Crystal is a program that analyzes the performance of VLSI circuits. Its input consists of a circuit description extracted from the mask layout by Spinifex. Users also supply a few lines of text to guide the analysis. Crystal then determines how long each clock phase must be and outputs information about the portions of the circuit that cause the worst delays. It works for both nMOS and CMOS circuits.

Crystal was originally written in C at Berkeley, but I've transliterated it to Cedar. The main documentation for the program exists on-line at Berkeley (in Unix format) and is available at PARC only in hardcopy form. There are two manuals. The first is entitled Using Crystal for Timing Analysis. It is a tutorial-style introduction to the program, designed to be easy to follow but not necessarily complete. The second manual is a Unix-style man page (man is the Unix program that prints out terse documentation for programs and subroutine packages). The man page is the final authority for reference information and is supposed to be complete, but it isn't necessarily easy to read unless you already know how things work. For the most part, the Xerox version of Crystal works exactly the same way as the Unix version. This memo describes those aspects of the Xerox version that are different.

Crystal reads files in ".sim" format or in Thyme format. At Berkeley, we use a program called Mextra to extract circuits, and it creates ".sim" format files. At PARC, most likely you'll use Spinifex to extract your circuits. I've added additional code to Crystal so that it can read the Thyme files output by Spinifex. You can ignore the stuff at the beginning of Section 5 of the tutorial about all the possible options to Mextra. Just use Spinifex to extract your chip. Once you have a Thyme file, use the Crystal command thyme instead of the build command. If you give Crystal the command thyme foo.thy, Crystal will read in the file foo.thy in Thyme format.

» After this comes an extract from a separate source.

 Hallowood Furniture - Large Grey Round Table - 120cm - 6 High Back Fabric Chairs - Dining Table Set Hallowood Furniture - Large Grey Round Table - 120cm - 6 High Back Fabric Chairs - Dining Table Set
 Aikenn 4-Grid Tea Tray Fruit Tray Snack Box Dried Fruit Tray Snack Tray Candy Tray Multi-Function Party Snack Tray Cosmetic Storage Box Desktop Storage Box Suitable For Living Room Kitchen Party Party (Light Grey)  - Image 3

When reading in Thyme files, Crystal compares the name of each circuit definition with the names of transistors in its model tables. Any definition whose name matches, e.g. PETran or NDTran, is considered to be a transistor. Its contents are not examined or interpreted by Crystal, but the gate, source, and drain terminals are used to build the transistor structure for Crystal's use. If you use non-standard transistor names, you'll need to modify the information in Crystal's model tables to match.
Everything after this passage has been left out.